In this article, I will try to cover the technology stack that you need to develop an iOS app in 2024. Most of the technologies discussed here are what I’ve used to build Arcush — a simple yet powerful daily planner. Even though the app is not that big and complex, I still had to use plenty of instruments to create it. Let’s dive in.

UI frameworks

Should you learn UIKit in order to build an iOS app in 2024, or is it enough to master SwiftUI? Since its introduction in 2019, SwiftUI has changed a lot, and is still evolving rapidly. Today Apple allows you to build your app entirely on SwiftUI: there’s no need to create Main.storyboard or AppDelegate.swift, you can now specify an entry point to your app with a simple SwiftUI structure conforming to the App protocol—and you’re good to go. Plus, with the new Observation framework, it is easier than ever to bind your model to your view (we’ll discuss it more in the Architecture section). Navigation stack, sheets, lists, buttons, tab bars, texts; a simple layout that fits one screen and view modifiers that allow you to easily change font and color; animations that you can attach to the view and change the way it appears or disappears — all these things work, and do so beautifully with a minimum effort required.

However, as soon as you need something more complex and Apple-provided views don’t cover your needs, SwiftUI stops being your friend. For example, in my app, one of the most complex views from the user interaction perspective is the one that mimics iOS native calendar behaviour:

Calendar view

I’ve tried to implement it in SwiftUI, but it did not work for me. Even with one of the most simple things — the long-press gesture—it is almost impossible to get the exact location using the SwiftUI. View positioning is another headache: you won’t be able to use VStack or List to arrange multiple views in the provided example, so the only viable option will be using the .offset modifier. Even pagination will be a problem, since there is no correspondence to UIPageViewController in the SwiftUI world yet.

But all things aside, SwiftUI is production-ready, and you can start creating your next app in 2024 using SwiftUI alone. But it still makes sense to get yourself familiar with UIKit and be ready to use it when SwiftUI lets you down. Taken the SwiftUI-UIKit interoperability, you should be able to use SwiftUI View components inside the UIKit and vice versa with ease.

Architecture

If you choose SwiftUI to implement your app’s UI, your first choice will definitely be ViewModel-based architecture, or MVVM. You can say it even comes out of the box with SwiftUI — you need to pass some sort of ObservedObject (or Observable is you are developing for iOS 17+) to the view to be able to dynamically propagate your model data into the view and react to the user actions. But MVVM is mostly about view-to-model bindings and it doesn’t help you answer all the other questions you might have while building the app. For example, it doesn’t constrain you on how to build the model layer, where to put your networking code, where the persistence should happen, or how to propagate data back to the view model from the outside world (whether it’s a network request or changes to the user data persisted in iOS—from Photo library, Calendars, etc.). You would rather need to answer those questions yourself or choose a more advanced architecture that will help you design your app in a testable and clear way.

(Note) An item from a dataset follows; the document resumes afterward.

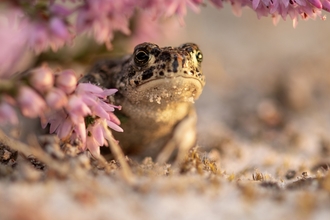 An adorable little toad with sparkling eyes and a tiny frown surrounded by beautiful pink heather.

One of the examples of such architecture is Clean architecture, which allows you to clearly separate your presentation, domain, and data access layer. Here is an example of such architecture on github, which uses Combine to bind views to the AppState. This is a good example of unidirectional architecture, which basically means that the app’s data always flows in a single direction (from View to Interactor to AppState, and back to the View using bindings), contrary to the MVVM, where View communicates with ViewModel directly and gets updated through the bindings to ViewModel. Another benefit of this architecture is that it helps you design you data access layer, with introduction of repositories, so it would be clear where to put all your code that interacts with an outside world.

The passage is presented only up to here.